Principal photography began on April 15, 2012, in Roswell, New Mexico. The film was produced by XYZ Films, Brooklyn Reptyle Films, and AKA Pictures (Also Known As Pictures). Michael Benaroya financed the production through AKA Pictures, with Nate Bolotin, Roger M. Mayer, Christo Dimassis, James Lejsek, and Clayton Young credited as producers.

Reeder initially intended to shoot the film on Super 16 mm film. After the production was required to obtain a completion bond, however, the additional expense left insufficient funds for film stock and processing, and the production switched to digital cinematography. Reeder described the resulting film as visually broader than his earlier feature The Oregonian, emphasizing wide-open landscapes and a more expansive score.

==Release==
Before its Sundance premiere, Anchor Bay Films acquired theatrical, home entertainment, television, and digital distribution rights for North America, the United Kingdom, and Australia.

The Rambler had its world premiere on January 21, 2013, in the Park City at Midnight section of the 2013 Sundance Film Festival.

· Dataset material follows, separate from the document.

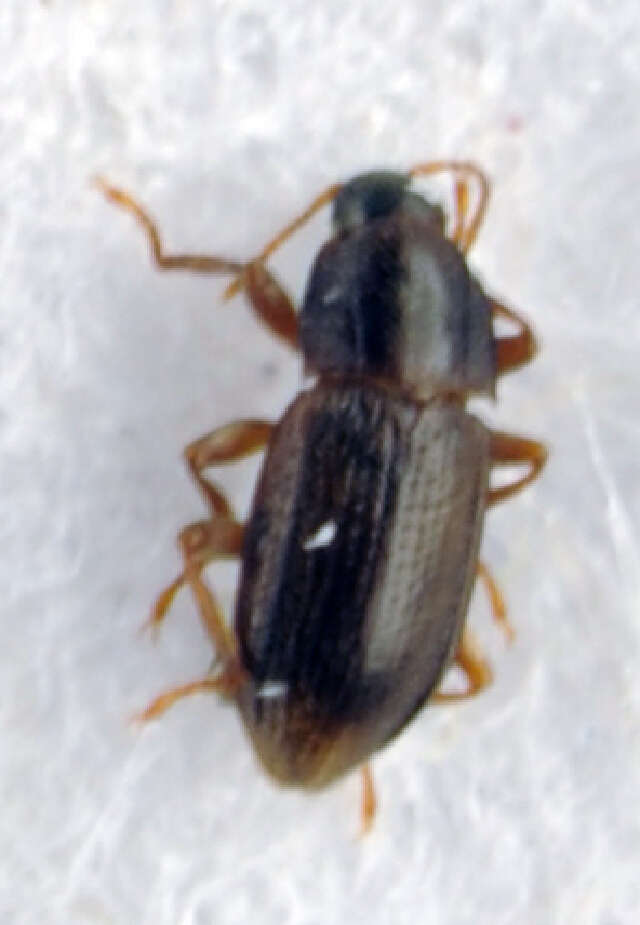 Image of Esolus parallelepipedus (Müller 1806)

The Sundance Institute had announced the film as part of the section in November 2012, describing all of that year's Park City at Midnight selections as world premieres.

The film subsequently screened in the Midnighters section of the 2013 South by Southwest festival, with screenings on March 9, March 11, and March 14. It also screened at the Boston Underground Film Festival and at the Calgary Underground Film Festival, where it was presented as its Canadian premiere.

The film began a limited U.S. theatrical release in New York City on June 7, 2013. It opened in Los Angeles the following week and subsequently played engagements in Houston, Dallas, and Seattle.

===Home media===
Anchor Bay released the film on DVD and Blu-ray on June 25, 2013.

==Accolades==
At the second Full Moon Horror and Fantasy Film Festival in Biertan, Transylvania, The Rambler received the 2013 Jury Award for Best Feature Film. The jury cited the film's exploration of the unknown, its complexity, and its distinctive cinematic world.

==Reception==
On Rotten Tomatoes, The Rambler holds an approval rating of 33% based on 12 reviews. On Metacritic, the film has a weighted average score of 32 out of 100 based on six critics, indicating "generally unfavorable" reviews.

Amy Nicholson of the Los Angeles Times described the film as a "hallucinatory hitchhiker horror" and praised aspects of its visual presentation while criticizing its lack of narrative meaning.

Drew Hunt of Slant Magazine gave the film a positive review, describing it as "sinister, comical, aggravating, and audacious." He compared its use of dream logic to David Lynch's Inland Empire and praised Reeder's rejection of conventional narrative structure.

The film received more negative notices from several other critics. Metacritic recorded scores of 40 out of 100 from Rob Nelson of Variety, 30 from Andy Webster of The New York Times, and 20 from Justin Lowe of The Hollywood Reporter.